The applications in previous iGEM teams include communication, kill switches and metabolic engineering, among many others. Previous teams have been very active in making BioBricks out of new light sensors published in research. Uppsala 2011 team designed a multichromatic light sensor system which regulates three independent genes. In their project the used blue, green and red light sensors and linked them to different chromoproteins. This way, different light signals produce different colors in bacteria. They added many useful BioBricks to the registry which has made also our project more feasible.
STJU BioX Shanghai 2013 team aimed to create a universal system to regulate genomic genes using blue, red and green light and CRISPR and dCas9 protein. Their fundamental idea is to regulate production of sgRNA with different wavelengths. This would enable regulation of three different genomic genes within the chromosome presumably independently of each other. Switching the regulatory targets would be done by changing the sgRNAs. The Shanghai team also built a box with computer controlled LEDs of all three different color. In addition, they shared the software as well as the instructions how to build such a light regulation box. This was very interesting project as we built a light regulation system for three genes using LEDs and a microcontroller. STJU BioX Shanghai gave some inspiration to our LED control system.

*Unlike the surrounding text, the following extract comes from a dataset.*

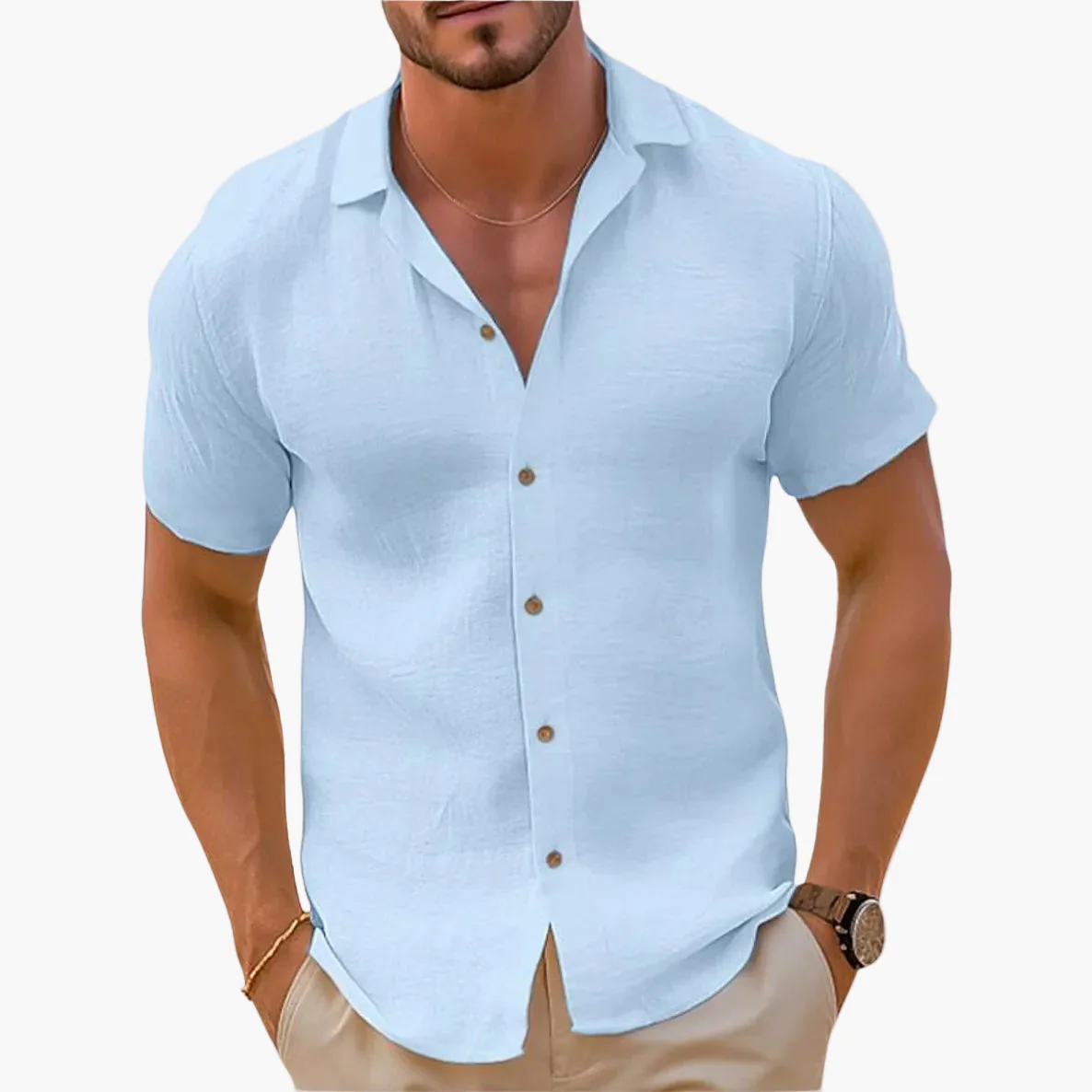 Chemise décontractée pour homme à manches courtes style estival et élégant - Image 4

Interestingly, also Freiburg 2013 team made a universal regulatory system using CRISPR and dCas9 protein but they targeted mammalian cells. In their concept, dCas9 is guided to the site and the function to be carried out can be chosen remotely using different wavelengths of light. The effector either activates or represses the target gene or methylates a histone tail affecting the histone code at the site. The three effectors: repressor (KRAB), activator (VP16) and methyltransferase (G9a), can be controlled with red, blue and UV light. Such system would be able to regulate the target genes remotely in diverse ways.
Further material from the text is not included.